→ AVAILABLE DATA
================================

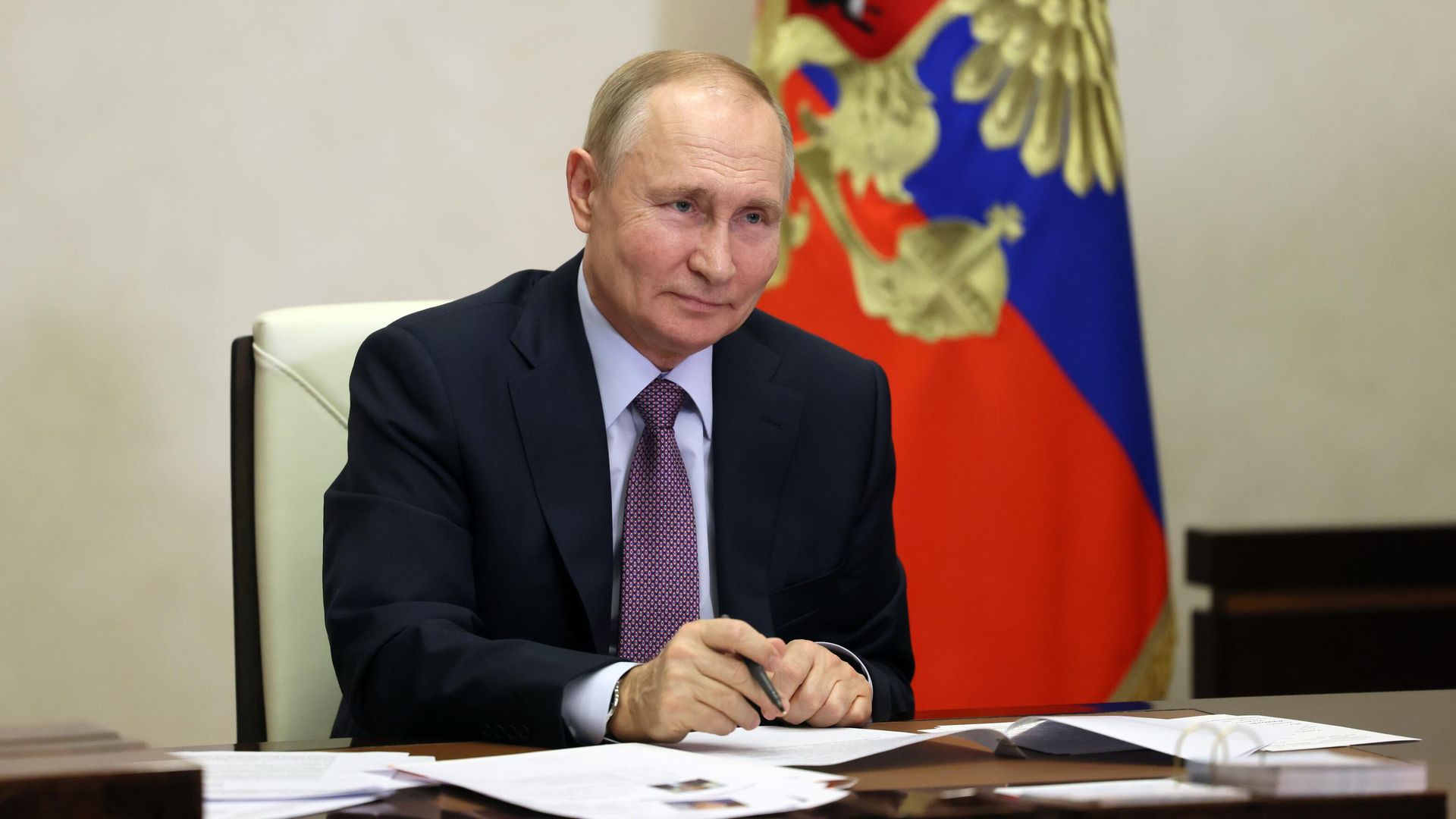 Президент РФ Владимир Путин Президент РФ Владимир Путин - РИА Новости, 1920, 23.05.2023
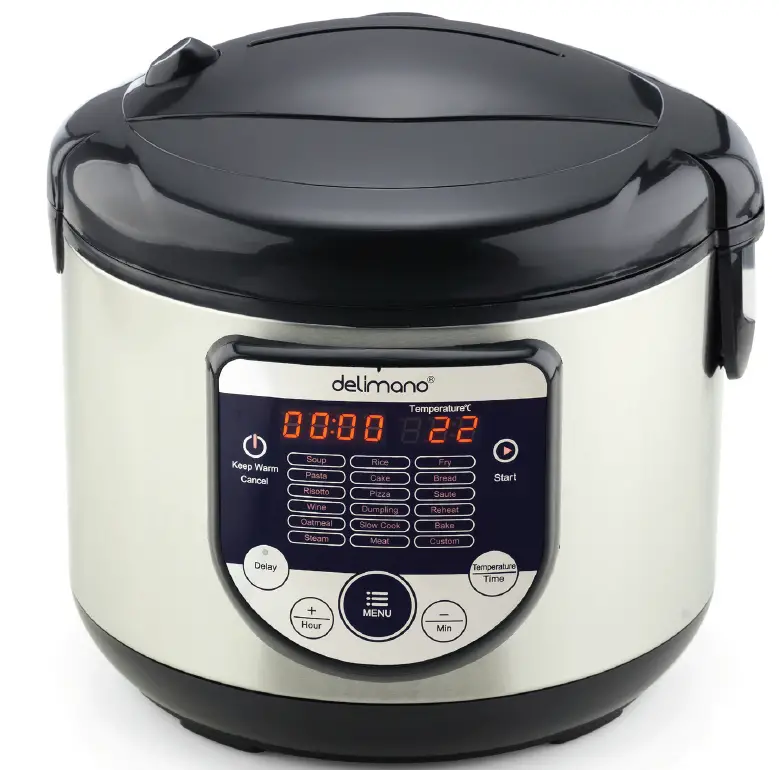 delimano KF-R50 18 in 1 Multicooker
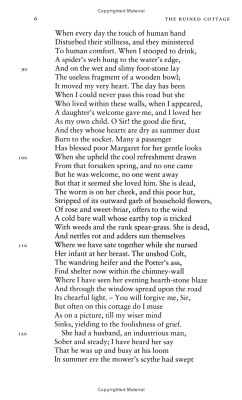 Selected Poems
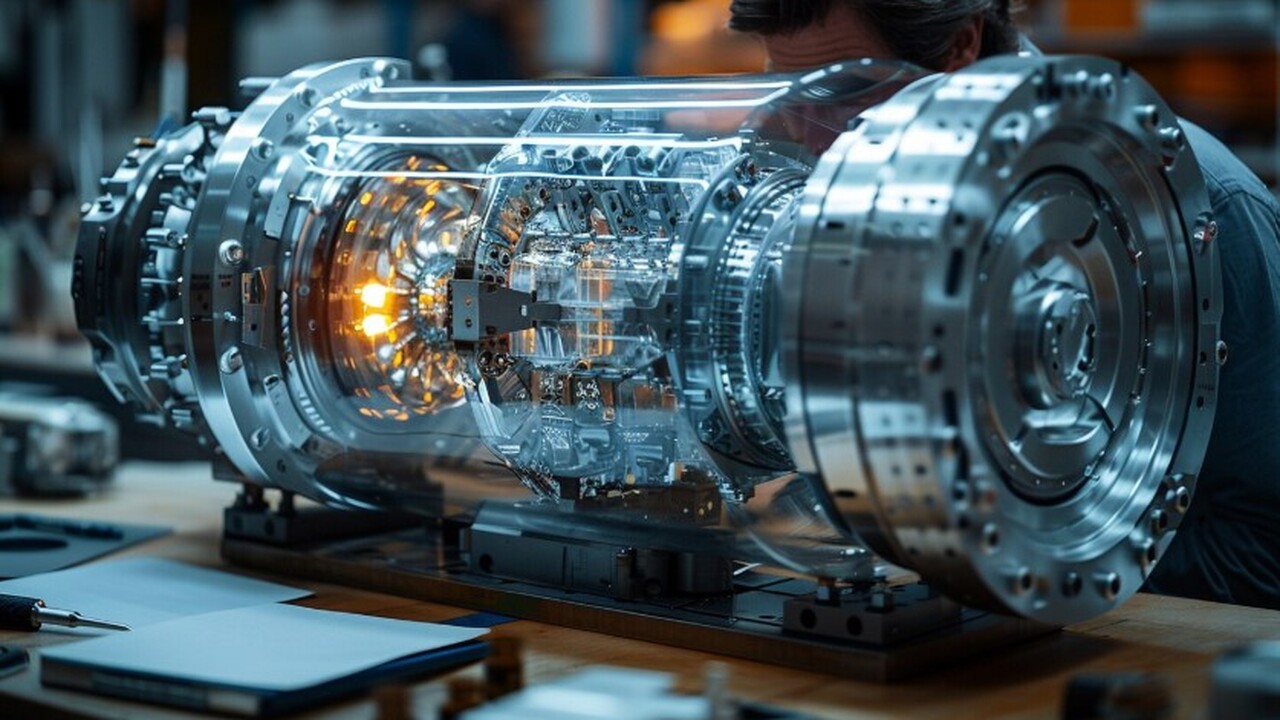 Учёные Института физики плазмы Китайской академ...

================================

With pictures omitted, copy exactly the lines from the one containing "delimano KF-R50 18 in 1 Multicooker" through the final line of the listing, both included.

→ RESULT
 delimano KF-R50 18 in 1 Multicooker
 Selected Poems
 Учёные Института физики плазмы Китайской академ...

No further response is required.